## Task brief
The full listing, copied exactly and free of pictures, is the expected reply.

━━━ Material provided ━━━

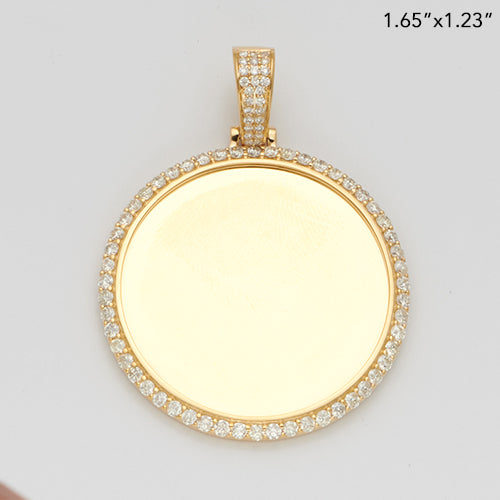10KY 1.20CTW DIAMOND ROUND MEMORY PENDANT - SINGLE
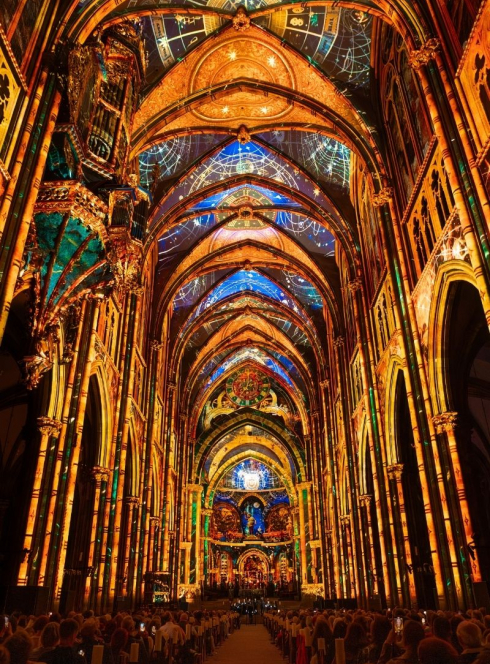 Luminiscence dans la Cathédrale de Strasbourg - un public conquis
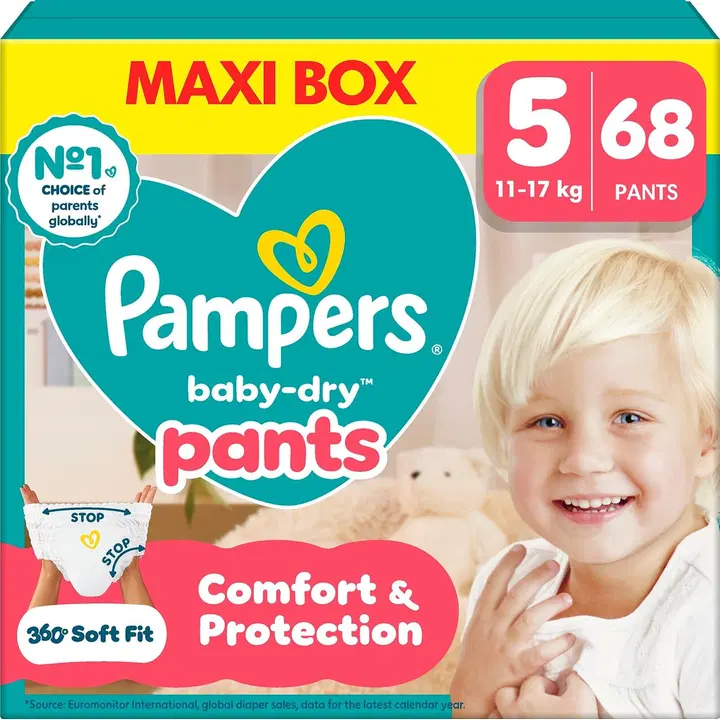 Pampers BabyDry Pants S5 11-17kg 68st blöja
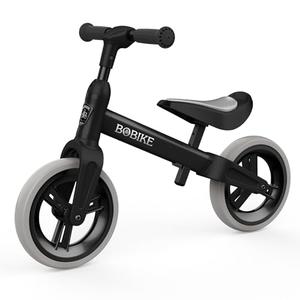 Bobike Toddler Balance Bike Toys for 1 to 6 Year Old Girls Boys Adjustable Seat and Handlebar No-Pedal Training Bike Best Gifts for Kids(Black)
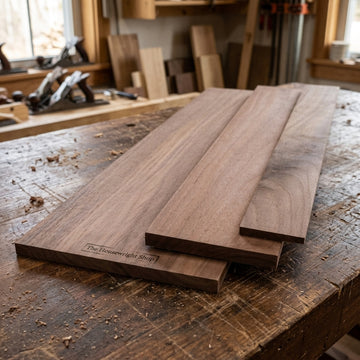 Black Walnut Hardwood Board â€“ 1/4" Thin Stock, S4S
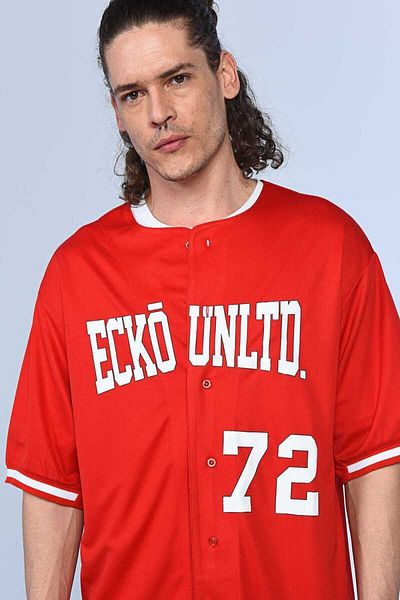 ECKO UNLTD Santiago Red Men's Crew Neck Shirt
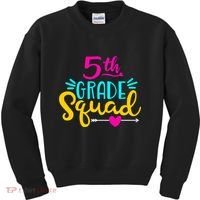 5th Grade Squad Team Arrow Heart Kids Sweatshirt thumb 0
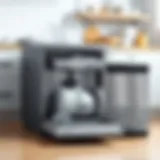 Illustration depicting different dishwasher sizes for selection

━━━

## Reply to the task
10KY 1.20CTW DIAMOND ROUND MEMORY PENDANT - SINGLE
 Luminiscence dans la Cathédrale de Strasbourg - un public conquis
 Pampers BabyDry Pants S5 11-17kg 68st blöja
 Bobike Toddler Balance Bike Toys for 1 to 6 Year Old Girls Boys Adjustable Seat and Handlebar No-Pedal Training Bike Best Gifts for Kids(Black)
 Black Walnut Hardwood Board â€“ 1/4" Thin Stock, S4S
 ECKO UNLTD Santiago Red Men's Crew Neck Shirt
 5th Grade Squad Team Arrow Heart Kids Sweatshirt thumb 0
 Illustration depicting different dishwasher sizes for selection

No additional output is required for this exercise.